What to work on> The records are to be copied in their entirety, exactly as given.

Data shown>
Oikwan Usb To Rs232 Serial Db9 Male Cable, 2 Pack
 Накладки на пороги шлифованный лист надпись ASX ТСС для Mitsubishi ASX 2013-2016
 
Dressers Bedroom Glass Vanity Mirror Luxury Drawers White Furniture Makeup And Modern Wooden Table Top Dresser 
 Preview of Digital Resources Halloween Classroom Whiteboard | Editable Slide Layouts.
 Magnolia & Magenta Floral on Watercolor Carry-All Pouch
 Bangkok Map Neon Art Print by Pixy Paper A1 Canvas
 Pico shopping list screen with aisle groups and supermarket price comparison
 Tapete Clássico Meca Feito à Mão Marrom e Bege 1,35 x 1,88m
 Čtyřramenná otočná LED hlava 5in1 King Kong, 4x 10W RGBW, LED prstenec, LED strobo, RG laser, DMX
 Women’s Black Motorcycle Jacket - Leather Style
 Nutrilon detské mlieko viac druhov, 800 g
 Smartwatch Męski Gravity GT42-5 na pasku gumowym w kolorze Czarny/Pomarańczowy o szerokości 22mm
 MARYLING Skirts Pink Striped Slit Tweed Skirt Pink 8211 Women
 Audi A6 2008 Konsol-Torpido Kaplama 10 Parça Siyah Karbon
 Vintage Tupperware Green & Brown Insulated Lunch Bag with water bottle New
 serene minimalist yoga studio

Response to the task>
Oikwan Usb To Rs232 Serial Db9 Male Cable, 2 Pack
 Накладки на пороги шлифованный лист надпись ASX ТСС для Mitsubishi ASX 2013-2016
 
Dressers Bedroom Glass Vanity Mirror Luxury Drawers White Furniture Makeup And Modern Wooden Table Top Dresser 
 Preview of Digital Resources Halloween Classroom Whiteboard | Editable Slide Layouts.
 Magnolia & Magenta Floral on Watercolor Carry-All Pouch
 Bangkok Map Neon Art Print by Pixy Paper A1 Canvas
 Pico shopping list screen with aisle groups and supermarket price comparison
 Tapete Clássico Meca Feito à Mão Marrom e Bege 1,35 x 1,88m
 Čtyřramenná otočná LED hlava 5in1 King Kong, 4x 10W RGBW, LED prstenec, LED strobo, RG laser, DMX
 Women’s Black Motorcycle Jacket - Leather Style
 Nutrilon detské mlieko viac druhov, 800 g
 Smartwatch Męski Gravity GT42-5 na pasku gumowym w kolorze Czarny/Pomarańczowy o szerokości 22mm
 MARYLING Skirts Pink Striped Slit Tweed Skirt Pink 8211 Women
 Audi A6 2008 Konsol-Torpido Kaplama 10 Parça Siyah Karbon
 Vintage Tupperware Green & Brown Insulated Lunch Bag with water bottle New
 serene minimalist yoga studio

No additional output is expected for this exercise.